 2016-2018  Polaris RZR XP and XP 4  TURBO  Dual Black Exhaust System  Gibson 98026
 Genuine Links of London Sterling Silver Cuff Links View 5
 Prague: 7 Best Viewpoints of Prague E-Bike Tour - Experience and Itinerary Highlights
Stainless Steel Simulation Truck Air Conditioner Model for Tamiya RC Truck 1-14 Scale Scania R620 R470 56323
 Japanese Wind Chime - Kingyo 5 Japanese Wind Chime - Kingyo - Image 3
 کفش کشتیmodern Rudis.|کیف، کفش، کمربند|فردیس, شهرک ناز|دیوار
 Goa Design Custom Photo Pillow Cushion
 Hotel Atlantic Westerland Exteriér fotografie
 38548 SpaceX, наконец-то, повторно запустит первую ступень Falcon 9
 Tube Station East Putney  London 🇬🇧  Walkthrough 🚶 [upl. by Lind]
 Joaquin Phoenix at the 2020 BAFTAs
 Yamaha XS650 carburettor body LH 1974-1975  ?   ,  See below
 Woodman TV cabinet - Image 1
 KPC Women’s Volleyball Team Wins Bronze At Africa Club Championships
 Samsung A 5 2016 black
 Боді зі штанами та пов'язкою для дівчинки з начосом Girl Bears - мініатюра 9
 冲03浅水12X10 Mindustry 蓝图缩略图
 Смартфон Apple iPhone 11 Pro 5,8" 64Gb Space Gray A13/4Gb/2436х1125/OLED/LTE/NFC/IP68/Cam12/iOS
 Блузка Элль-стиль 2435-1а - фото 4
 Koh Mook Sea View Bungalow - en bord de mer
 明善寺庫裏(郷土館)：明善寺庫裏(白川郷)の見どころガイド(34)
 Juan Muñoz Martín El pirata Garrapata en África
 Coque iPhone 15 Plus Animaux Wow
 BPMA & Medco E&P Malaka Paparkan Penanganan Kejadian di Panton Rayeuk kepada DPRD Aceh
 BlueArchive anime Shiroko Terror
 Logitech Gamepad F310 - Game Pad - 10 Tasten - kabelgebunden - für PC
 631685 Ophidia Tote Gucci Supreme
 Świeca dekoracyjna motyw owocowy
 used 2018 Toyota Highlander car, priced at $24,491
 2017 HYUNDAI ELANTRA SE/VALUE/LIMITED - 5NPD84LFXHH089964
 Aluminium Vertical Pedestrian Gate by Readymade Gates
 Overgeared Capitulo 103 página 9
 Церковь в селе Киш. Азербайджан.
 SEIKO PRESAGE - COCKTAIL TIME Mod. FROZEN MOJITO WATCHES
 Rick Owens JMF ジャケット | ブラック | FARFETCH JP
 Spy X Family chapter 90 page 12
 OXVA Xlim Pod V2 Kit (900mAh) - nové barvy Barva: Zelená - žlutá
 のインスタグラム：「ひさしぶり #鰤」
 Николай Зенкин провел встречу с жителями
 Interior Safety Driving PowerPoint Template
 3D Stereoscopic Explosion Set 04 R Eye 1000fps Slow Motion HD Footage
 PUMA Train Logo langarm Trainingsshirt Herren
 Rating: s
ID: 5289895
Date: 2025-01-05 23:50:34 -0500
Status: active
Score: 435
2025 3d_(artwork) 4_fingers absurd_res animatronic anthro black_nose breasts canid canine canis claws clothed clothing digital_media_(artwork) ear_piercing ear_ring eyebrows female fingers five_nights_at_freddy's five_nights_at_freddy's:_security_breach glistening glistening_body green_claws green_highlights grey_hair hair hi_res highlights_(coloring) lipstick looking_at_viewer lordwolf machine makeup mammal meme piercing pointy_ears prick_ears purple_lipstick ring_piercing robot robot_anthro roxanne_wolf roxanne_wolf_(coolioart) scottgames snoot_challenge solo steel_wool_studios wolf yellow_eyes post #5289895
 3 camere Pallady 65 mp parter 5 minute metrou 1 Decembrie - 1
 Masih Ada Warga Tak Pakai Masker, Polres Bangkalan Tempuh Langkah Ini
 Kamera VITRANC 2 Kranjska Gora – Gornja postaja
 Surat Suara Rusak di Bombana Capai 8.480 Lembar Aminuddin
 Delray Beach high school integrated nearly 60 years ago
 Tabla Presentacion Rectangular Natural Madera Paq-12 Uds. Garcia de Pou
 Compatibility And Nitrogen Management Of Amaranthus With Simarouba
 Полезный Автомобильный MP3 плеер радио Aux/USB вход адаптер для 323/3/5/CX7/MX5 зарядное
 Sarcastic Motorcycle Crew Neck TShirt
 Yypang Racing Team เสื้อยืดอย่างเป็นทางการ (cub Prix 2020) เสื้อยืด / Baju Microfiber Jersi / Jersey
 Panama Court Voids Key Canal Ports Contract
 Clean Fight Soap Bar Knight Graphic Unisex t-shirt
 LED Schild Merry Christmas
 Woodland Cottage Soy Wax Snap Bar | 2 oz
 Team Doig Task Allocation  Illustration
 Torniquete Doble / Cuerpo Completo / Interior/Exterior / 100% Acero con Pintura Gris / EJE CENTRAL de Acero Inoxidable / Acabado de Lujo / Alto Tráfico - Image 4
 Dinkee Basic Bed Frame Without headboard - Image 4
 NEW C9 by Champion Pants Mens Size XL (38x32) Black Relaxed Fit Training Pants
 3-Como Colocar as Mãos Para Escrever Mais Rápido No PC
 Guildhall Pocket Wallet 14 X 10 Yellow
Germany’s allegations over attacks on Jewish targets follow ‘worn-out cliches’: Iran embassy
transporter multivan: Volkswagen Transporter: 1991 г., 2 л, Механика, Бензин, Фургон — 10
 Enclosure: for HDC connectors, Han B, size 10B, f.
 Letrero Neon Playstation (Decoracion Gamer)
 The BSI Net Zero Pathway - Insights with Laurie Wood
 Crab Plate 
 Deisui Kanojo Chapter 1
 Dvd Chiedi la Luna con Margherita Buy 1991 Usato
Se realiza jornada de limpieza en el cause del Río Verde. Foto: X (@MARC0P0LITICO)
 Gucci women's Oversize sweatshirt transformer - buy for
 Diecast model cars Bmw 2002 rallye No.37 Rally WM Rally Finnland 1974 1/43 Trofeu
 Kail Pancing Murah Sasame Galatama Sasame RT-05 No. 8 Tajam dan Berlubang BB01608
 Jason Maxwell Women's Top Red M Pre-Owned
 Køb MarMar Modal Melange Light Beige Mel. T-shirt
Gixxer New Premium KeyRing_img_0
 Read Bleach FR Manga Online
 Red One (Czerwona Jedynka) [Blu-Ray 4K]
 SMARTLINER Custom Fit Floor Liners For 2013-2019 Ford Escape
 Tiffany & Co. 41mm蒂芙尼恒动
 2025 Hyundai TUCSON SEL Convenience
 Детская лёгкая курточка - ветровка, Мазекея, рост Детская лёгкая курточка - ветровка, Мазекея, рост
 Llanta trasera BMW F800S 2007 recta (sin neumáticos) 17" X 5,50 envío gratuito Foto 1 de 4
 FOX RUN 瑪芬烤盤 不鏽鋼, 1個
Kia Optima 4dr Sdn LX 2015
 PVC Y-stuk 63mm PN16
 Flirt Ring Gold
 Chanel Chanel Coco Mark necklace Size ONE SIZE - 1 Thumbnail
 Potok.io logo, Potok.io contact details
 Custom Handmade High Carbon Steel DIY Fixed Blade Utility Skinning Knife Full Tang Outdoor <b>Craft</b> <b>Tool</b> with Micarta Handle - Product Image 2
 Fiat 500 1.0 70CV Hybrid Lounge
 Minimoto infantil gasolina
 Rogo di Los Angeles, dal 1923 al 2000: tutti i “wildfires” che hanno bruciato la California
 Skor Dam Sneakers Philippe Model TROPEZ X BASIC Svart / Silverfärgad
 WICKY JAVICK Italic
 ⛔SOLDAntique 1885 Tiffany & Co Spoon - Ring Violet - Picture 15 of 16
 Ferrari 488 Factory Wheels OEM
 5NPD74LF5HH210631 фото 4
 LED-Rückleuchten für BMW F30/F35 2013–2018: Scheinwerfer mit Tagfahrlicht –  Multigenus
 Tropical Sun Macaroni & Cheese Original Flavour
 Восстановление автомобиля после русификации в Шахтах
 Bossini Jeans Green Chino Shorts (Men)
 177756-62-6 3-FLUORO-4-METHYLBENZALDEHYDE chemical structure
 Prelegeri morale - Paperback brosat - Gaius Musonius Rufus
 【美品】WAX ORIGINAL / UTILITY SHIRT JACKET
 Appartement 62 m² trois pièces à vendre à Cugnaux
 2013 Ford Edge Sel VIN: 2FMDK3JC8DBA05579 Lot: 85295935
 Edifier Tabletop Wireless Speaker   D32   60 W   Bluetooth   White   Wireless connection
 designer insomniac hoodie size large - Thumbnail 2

• EXERCISE GOAL
Report every line containing the word "фото" from the listing above.

• SOLUTION TO THIS TASK
 Блузка Элль-стиль 2435-1а - фото 4
 5NPD74LF5HH210631 фото 4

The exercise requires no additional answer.